--- a/doc/manual.tex	Thu Dec 16 18:40:49 2010 -0500
+++ b/doc/manual.tex	Sat Dec 18 10:56:31 2010 -0500
@@ -2077,6 +2077,8 @@
 
 A web application is built from a series of modules, with one module, the last one appearing in the \texttt{.urp} file, designated as the main module.  The signature of the main module determines the URL entry points to the application.  Such an entry point should have type $\mt{t1} \to \ldots \to \mt{tn} \to \mt{transaction} \; \mt{page}$, for any integer $n \geq 0$, where $\mt{page}$ is a type synonym for top-level HTML pages, defined in $\mt{Basis}$.  If such a function is at the top level of main module $M$, with $n = 0$, it will be accessible at URI \texttt{/M/f}, and so on for more deeply-nested functions, as described in Section \ref{tag} below.  Arguments to an entry-point function are deserialized from the part of the URI following \texttt{f}.
 
+Normal links are accessible via HTTP \texttt{GET}, which the relevant standard says should never cause side effects.  To export a page which may cause side effects, accessible only via HTTP \texttt{POST}, include one argument of the page handler of type $\mt{Basis.postBody}$.  When the handler is called, this argument will receive a value that can be deconstructed into a MIME type (with $\mt{Basis.postType}$) and payload (with $\mt{Basis.postData}$).  This kind of handler will only work with \texttt{POST} payloads of MIME types besides those associated with HTML forms; for these, use Ur/Web's built-in support, as described below.
+
 When the standalone web server receives a request for a known page, it calls the function for that page, ``running'' the resulting transaction to produce the page to return to the client.  Pages link to other pages with the \texttt{link} attribute of the \texttt{a} HTML tag.  A link has type $\mt{transaction} \; \mt{page}$, and the semantics of a link are that this transaction should be run to compute the result page, when the link is followed.  Link targets are assigned URL names in the same way as top-level entry points.
 
 HTML forms are handled in a similar way.  The $\mt{action}$ attribute of a $\mt{submit}$ form tag takes a value of type $\$\mt{use} \to \mt{transaction} \; \mt{page}$, where $\mt{use}$ is a kind-$\{\mt{Type}\}$ record of the form fields used by this action handler.  Action handlers are assigned URL patterns in the same way as above.
@@ -2087,7 +2089,7 @@
 
 \medskip
 
-The HTTP standard suggests that GET requests only be used in ways that generate no side effects.  Side effecting operations should use POST requests instead.  The Ur/Web compiler enforces this rule strictly, via a simple conservative program analysis.  Any page that may have a side effect must be accessed through a form, all of which use POST requests.  A page is judged to have a side effect if its code depends syntactically on any of the side-effecting, server-side FFI functions.  Links, forms, and most client-side event handlers are not followed during this syntactic traversal, but \texttt{<body onload=\{...\}>} handlers \emph{are} examined, since they run right away and could just as well be considered parts of main page handlers.

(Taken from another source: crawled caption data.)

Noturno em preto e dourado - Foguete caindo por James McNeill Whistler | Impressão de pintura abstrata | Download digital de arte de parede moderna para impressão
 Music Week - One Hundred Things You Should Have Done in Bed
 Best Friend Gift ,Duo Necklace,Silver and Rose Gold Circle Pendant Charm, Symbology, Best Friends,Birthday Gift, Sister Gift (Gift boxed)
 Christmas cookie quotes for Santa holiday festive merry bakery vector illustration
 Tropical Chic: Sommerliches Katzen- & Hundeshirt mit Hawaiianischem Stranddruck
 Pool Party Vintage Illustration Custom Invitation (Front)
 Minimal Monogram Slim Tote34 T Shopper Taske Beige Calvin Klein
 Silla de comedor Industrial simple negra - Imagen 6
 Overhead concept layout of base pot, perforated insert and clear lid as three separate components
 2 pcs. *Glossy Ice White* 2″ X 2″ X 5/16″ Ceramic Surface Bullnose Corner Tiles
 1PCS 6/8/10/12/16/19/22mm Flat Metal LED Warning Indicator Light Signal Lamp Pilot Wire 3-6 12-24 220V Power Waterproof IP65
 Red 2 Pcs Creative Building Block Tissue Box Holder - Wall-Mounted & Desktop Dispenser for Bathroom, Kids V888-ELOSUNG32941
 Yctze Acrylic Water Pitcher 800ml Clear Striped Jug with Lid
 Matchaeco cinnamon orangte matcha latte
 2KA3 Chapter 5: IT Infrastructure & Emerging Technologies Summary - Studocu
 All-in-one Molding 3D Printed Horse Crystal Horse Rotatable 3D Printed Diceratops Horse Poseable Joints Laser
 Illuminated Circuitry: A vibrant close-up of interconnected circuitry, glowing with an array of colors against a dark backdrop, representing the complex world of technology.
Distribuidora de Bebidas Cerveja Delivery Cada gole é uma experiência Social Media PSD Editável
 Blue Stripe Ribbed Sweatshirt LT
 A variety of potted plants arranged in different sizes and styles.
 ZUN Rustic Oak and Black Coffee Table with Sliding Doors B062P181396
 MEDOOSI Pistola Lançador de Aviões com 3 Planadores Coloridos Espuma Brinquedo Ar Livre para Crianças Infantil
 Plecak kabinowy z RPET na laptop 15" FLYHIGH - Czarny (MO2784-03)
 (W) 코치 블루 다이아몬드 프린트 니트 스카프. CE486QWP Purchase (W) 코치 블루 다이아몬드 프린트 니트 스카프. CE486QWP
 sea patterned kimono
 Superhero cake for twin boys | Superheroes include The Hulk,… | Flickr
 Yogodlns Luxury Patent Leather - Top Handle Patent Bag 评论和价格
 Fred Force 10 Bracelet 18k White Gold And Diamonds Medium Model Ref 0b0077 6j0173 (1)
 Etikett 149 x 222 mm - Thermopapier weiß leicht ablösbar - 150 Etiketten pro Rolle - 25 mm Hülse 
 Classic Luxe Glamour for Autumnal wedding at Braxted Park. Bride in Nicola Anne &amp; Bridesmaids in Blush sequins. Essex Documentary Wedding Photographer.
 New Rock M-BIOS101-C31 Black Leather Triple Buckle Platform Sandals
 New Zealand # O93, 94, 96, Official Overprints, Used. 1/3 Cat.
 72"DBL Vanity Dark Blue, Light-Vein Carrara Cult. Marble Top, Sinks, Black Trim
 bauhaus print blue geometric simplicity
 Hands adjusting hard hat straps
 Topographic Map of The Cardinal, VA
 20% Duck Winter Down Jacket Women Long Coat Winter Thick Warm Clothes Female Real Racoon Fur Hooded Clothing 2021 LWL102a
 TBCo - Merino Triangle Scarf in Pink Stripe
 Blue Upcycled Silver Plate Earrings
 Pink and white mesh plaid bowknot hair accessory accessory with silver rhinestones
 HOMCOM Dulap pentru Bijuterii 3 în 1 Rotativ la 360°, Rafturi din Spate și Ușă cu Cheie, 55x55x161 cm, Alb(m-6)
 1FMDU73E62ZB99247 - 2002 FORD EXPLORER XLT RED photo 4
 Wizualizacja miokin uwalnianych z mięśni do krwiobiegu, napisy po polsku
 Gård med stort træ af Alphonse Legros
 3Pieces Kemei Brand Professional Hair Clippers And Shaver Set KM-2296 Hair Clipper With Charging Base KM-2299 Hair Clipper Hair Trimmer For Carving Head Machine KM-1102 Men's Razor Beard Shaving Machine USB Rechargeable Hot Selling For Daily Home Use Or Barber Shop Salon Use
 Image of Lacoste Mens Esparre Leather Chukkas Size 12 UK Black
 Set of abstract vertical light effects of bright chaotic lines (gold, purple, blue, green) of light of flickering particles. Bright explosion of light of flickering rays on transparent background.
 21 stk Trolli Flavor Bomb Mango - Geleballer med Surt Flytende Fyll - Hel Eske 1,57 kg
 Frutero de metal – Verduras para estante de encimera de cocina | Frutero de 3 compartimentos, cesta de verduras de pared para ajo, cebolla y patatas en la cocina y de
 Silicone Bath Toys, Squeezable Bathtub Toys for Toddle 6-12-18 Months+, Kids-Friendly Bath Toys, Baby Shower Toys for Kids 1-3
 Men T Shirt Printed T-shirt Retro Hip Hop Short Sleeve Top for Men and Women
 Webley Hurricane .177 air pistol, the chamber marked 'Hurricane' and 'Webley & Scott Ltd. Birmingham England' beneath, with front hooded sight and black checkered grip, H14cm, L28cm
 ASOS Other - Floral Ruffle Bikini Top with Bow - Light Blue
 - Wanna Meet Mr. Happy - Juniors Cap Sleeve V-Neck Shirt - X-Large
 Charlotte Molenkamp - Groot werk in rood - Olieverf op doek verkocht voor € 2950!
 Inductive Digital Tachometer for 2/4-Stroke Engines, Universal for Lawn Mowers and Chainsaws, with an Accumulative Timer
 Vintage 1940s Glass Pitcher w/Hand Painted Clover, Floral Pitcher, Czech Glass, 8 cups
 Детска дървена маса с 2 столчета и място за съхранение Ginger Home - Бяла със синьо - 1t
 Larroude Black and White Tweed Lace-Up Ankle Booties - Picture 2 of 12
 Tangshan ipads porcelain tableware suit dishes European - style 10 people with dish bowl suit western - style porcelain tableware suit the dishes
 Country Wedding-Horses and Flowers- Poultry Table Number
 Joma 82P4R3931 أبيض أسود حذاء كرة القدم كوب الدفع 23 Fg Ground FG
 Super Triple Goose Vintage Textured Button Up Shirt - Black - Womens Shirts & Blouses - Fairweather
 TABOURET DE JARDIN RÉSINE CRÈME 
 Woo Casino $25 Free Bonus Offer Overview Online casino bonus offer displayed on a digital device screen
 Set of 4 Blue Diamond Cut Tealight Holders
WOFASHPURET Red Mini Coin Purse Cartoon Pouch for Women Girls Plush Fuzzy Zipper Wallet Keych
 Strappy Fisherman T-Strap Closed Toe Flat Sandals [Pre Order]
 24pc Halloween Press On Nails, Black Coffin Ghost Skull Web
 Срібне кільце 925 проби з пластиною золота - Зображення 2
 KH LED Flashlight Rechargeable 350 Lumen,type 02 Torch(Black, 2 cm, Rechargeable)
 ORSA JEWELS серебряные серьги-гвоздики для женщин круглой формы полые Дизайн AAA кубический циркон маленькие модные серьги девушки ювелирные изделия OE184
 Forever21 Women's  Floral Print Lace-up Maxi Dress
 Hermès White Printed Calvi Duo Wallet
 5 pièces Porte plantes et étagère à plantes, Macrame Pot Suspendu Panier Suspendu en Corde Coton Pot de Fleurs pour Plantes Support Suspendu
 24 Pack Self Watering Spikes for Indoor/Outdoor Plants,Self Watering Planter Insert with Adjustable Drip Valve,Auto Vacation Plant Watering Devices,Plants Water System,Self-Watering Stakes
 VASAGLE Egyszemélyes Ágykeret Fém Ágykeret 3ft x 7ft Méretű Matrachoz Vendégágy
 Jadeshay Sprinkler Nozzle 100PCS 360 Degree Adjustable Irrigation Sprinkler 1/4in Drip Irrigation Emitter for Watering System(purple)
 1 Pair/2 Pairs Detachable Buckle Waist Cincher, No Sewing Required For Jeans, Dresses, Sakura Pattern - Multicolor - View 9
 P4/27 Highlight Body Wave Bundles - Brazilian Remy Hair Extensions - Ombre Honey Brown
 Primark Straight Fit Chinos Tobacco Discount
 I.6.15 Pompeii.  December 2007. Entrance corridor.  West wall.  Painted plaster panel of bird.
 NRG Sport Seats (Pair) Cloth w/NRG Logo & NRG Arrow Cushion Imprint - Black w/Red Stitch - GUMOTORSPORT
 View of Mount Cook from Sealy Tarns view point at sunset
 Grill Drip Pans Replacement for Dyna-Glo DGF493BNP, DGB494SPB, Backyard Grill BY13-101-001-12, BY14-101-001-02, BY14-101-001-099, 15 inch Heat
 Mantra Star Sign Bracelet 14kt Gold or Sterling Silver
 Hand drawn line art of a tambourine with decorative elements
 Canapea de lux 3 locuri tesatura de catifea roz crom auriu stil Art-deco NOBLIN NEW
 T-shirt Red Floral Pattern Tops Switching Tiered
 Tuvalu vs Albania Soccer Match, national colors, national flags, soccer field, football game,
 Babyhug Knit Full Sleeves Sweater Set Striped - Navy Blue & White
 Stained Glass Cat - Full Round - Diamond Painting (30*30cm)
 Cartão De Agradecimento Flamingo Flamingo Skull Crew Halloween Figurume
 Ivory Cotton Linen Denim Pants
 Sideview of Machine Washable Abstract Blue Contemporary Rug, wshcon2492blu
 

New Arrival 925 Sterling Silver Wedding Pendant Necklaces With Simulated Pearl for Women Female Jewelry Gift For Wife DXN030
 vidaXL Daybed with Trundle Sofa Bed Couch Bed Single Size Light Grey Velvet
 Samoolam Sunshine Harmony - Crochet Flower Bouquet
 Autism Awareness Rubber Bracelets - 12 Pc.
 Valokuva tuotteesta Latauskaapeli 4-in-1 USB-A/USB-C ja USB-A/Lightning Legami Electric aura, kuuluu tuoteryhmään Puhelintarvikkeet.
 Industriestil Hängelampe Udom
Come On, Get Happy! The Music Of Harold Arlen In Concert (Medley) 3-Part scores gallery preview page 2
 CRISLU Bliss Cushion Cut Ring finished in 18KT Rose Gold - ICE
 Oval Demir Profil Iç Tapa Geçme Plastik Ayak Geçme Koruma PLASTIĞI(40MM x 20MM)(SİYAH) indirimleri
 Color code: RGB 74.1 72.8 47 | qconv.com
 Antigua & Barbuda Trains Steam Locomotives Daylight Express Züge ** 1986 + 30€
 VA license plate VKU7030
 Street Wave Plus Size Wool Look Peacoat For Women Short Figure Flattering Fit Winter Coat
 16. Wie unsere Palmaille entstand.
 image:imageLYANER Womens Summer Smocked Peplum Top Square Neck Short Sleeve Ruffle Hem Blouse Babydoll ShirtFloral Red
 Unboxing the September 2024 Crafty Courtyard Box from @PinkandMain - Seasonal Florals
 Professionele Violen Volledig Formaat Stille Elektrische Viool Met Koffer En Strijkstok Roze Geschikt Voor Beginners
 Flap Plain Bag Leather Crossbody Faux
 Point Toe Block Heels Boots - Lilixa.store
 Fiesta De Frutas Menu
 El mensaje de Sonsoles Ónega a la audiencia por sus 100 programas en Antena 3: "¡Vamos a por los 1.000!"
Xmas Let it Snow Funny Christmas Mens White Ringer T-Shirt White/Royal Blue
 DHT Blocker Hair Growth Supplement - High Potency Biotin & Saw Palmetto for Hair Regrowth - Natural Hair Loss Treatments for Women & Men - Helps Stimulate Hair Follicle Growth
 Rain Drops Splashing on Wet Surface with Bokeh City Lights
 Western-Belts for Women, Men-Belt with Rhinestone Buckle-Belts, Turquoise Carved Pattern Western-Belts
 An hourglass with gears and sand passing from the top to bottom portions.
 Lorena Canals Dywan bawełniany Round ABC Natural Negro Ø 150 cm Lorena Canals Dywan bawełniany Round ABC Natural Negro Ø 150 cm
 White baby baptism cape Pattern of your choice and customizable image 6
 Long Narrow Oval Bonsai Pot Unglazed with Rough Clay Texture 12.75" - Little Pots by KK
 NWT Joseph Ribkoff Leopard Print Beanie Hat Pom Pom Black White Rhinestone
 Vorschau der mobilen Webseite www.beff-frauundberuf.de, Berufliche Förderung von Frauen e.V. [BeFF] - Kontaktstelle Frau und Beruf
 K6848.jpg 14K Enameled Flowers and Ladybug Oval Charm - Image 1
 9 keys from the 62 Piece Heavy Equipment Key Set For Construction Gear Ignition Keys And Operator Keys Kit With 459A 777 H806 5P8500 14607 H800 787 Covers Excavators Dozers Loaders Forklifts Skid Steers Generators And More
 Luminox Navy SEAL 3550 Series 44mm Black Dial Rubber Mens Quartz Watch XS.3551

+The HTTP standard suggests that GET requests only be used in ways that generate no side effects.  Side effecting operations should use POST requests instead.  The Ur/Web compiler enforces this rule strictly, via a simple conservative program analysis.  Any page that may have a side effect must be accessed through a form, all of which use POST requests, or via a direct call to a page handler with some argument of type $\mt{Basis.postBody}$.  A page is judged to have a side effect if its code depends syntactically on any of the side-effecting, server-side FFI functions.  Links, forms, and most client-side event handlers are not followed during this syntactic traversal, but \texttt{<body onload=\{...\}>} handlers \emph{are} examined, since they run right away and could just as well be considered parts of main page handlers.
 
 Ur/Web includes a kind of automatic protection against cross site request forgery attacks.  Whenever any page execution can have side effects and can also read at least one cookie value, all cookie values must be signed cryptographically, to ensure that the user has come to the current page by submitting a form on a real page generated by the proper server.  Signing and signature checking are inserted automatically by the compiler.  This prevents attacks like phishing schemes where users are directed to counterfeit pages with forms that submit to your application, where a user's cookies might be submitted without his knowledge, causing some undesired side effect.